> YOUR OBJECTIVE: An exact transcription of the listing, without its images, is what the answer must contain.

> SUPPLIED MATERIAL:
== Segment start ==

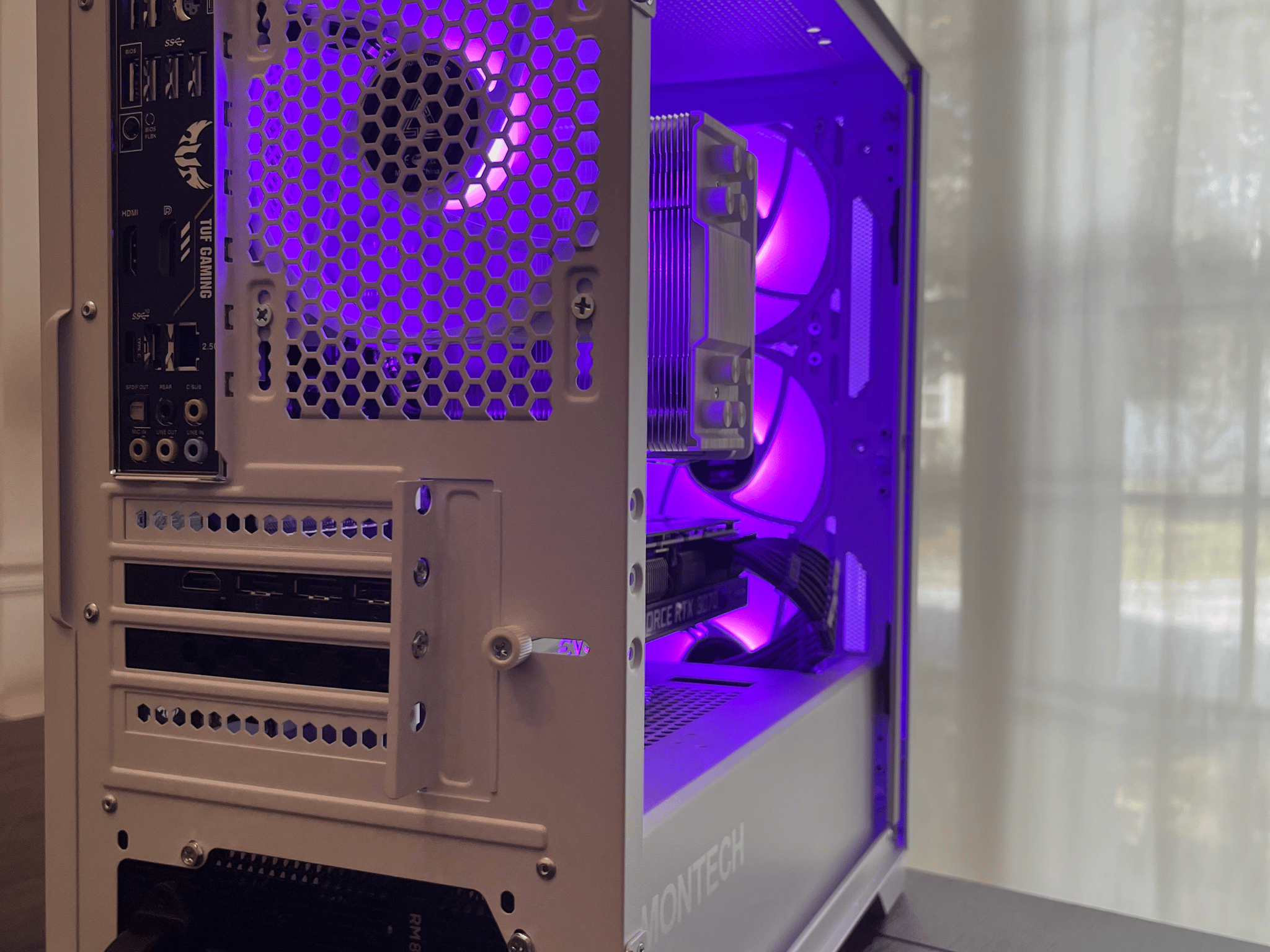 Shen🥷| Ryzen 5 5600, Rtx 3070 8Gb High-End Gaming PC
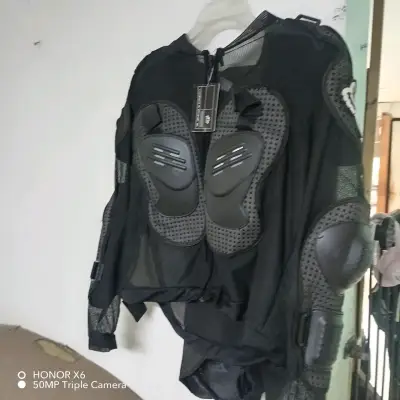 Chaqueta protectora motocicleta Fox - miniatura 2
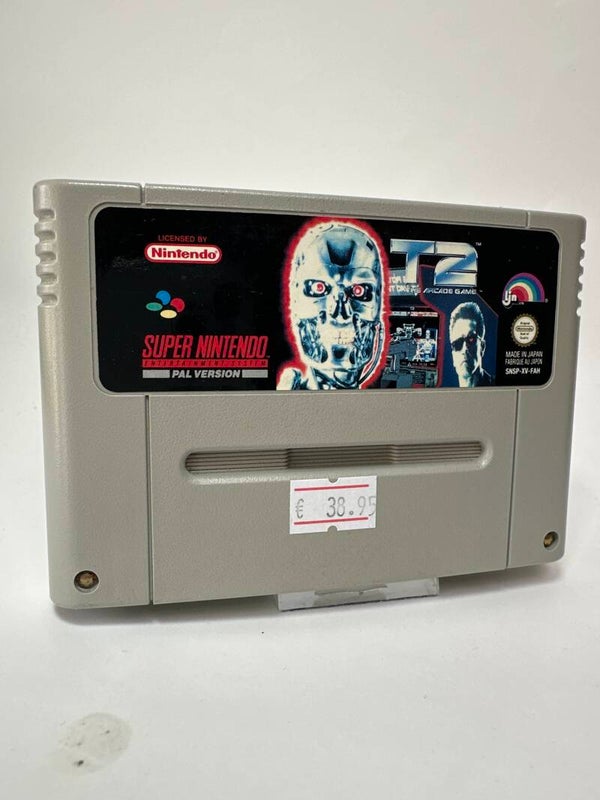 TERMINATOR 2 T2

== Segment end ==

> TASK ANSWER:
 Shen🥷| Ryzen 5 5600, Rtx 3070 8Gb High-End Gaming PC
 Chaqueta protectora motocicleta Fox - miniatura 2
 TERMINATOR 2 T2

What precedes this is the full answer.